We are an equal opportunity employer and value diversity at our company. We do not discriminate on the basis of race, religion, national origin, gender, sexual orientation, age, marital status, or disability status.
#J-18808-Ljbffr
Senior Application Security (AppSec) Engineer employer: Zego
Contact Detail:
Zego Recruiting Team
StudySmarter Expert Advice 🤫
We think this is how you could land Senior Application Security (AppSec) Engineer
✨Tip Number 1
Familiarize yourself with Zego's mission and values. Understanding how they aim to revolutionize the insurance industry will help you align your answers during interviews and demonstrate your passion for their goals.
✨Tip Number 2
Highlight your experience with secure coding practices and tools like Burp Suite or ZAP. Be prepared to discuss specific examples of how you've implemented these in past projects, as this will show your hands-on expertise.
✨Tip Number 3
Showcase your collaborative skills by discussing past experiences where you worked closely with product and technical teams. Zego values teamwork, so demonstrating your ability to communicate complex concepts effectively will set you apart.
✨Tip Number 4
Stay updated on the latest trends in application security and be ready to share insights during your interview. This will not only reflect your commitment to continuous learning but also your proactive approach to enhancing security practices.
We think you need these skills to ace Senior Application Security (AppSec) Engineer
Some tips for your application 🫡
Understand the Role: Before applying, make sure you fully understand the responsibilities and requirements of the Senior Application Security Engineer position at Zego. Tailor your application to highlight your relevant experience in secure coding practices and collaboration with development teams.

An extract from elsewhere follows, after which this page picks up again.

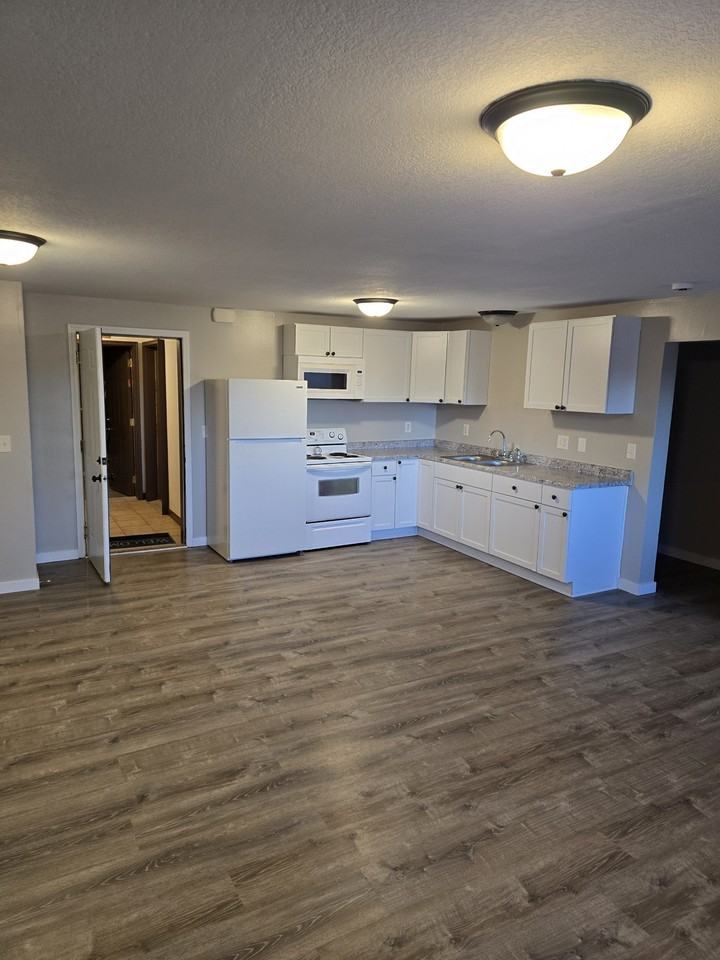 1562 Motor Avenue - Photo 3 of 8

Highlight Relevant Experience: In your CV and cover letter, emphasize your hands-on experience with application vulnerabilities, secure software design principles, and any tools you've used like Burp Suite or ZAP. Be specific about your contributions to security improvements in previous roles.
Showcase Your Technical Skills: Clearly list your proficiency in programming languages such as Python, Scala, or Kotlin. Mention any experience with SAST/DAST tools and your ability to communicate complex technical concepts effectively to non-technical audiences.

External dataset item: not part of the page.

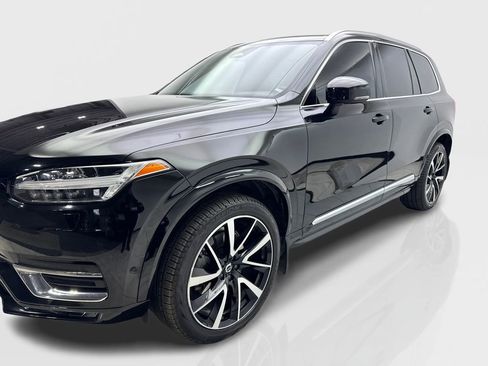 Used 2023 Volvo XC90 B6 Plus image 11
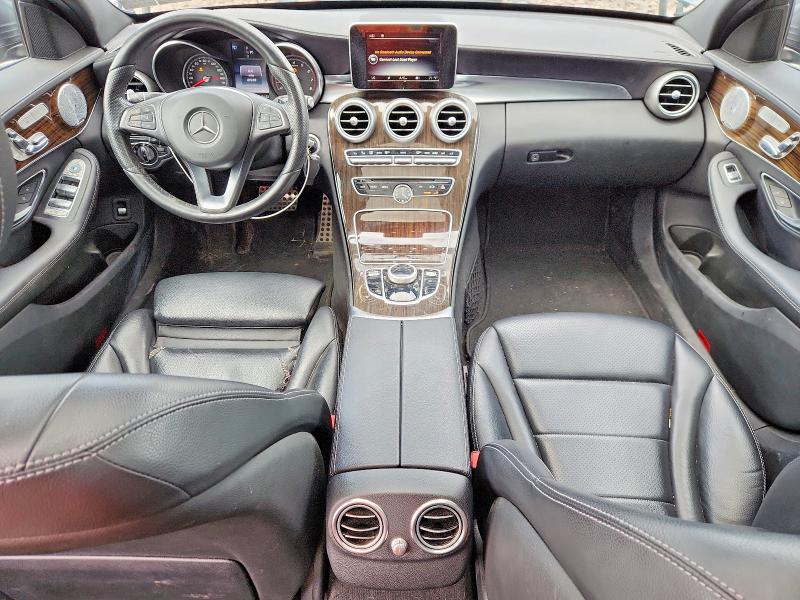 62981066 :رقم المزاد ، 55SWF4KBXHU195406 vin ، 2017 Mercedes-benz C مزاد بيع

Craft a Compelling Cover Letter: Use your cover letter to express your passion for security and how you align with Zego's mission to innovate in the insurance industry. Discuss your approach to fostering a security-first mindset and your enthusiasm for collaborating with diverse teams.
How to prepare for a job interview at Zego
✨Understand Zego's Mission
Before the interview, make sure you understand Zego's mission to change traditional motor insurance. Familiarize yourself with their customer-centric approach and how they aim to provide flexible and sustainable insurance products.
✨Showcase Your Technical Skills
Be prepared to discuss your proficiency in secure coding practices and your experience with programming languages like Python, Scala, or Node. Highlight specific projects where you've applied these skills to enhance security.
✨Discuss Collaboration Experience
Zego values collaboration between teams. Share examples of how you've worked with product engineers or technical operations to identify and mitigate vulnerabilities, emphasizing your ability to communicate complex concepts clearly.
✨Emphasize a Security-First Mindset
Demonstrate your commitment to a security-first culture by discussing your experience with security tools and practices. Mention any initiatives you've led or participated in that fostered knowledge sharing and improved security posture.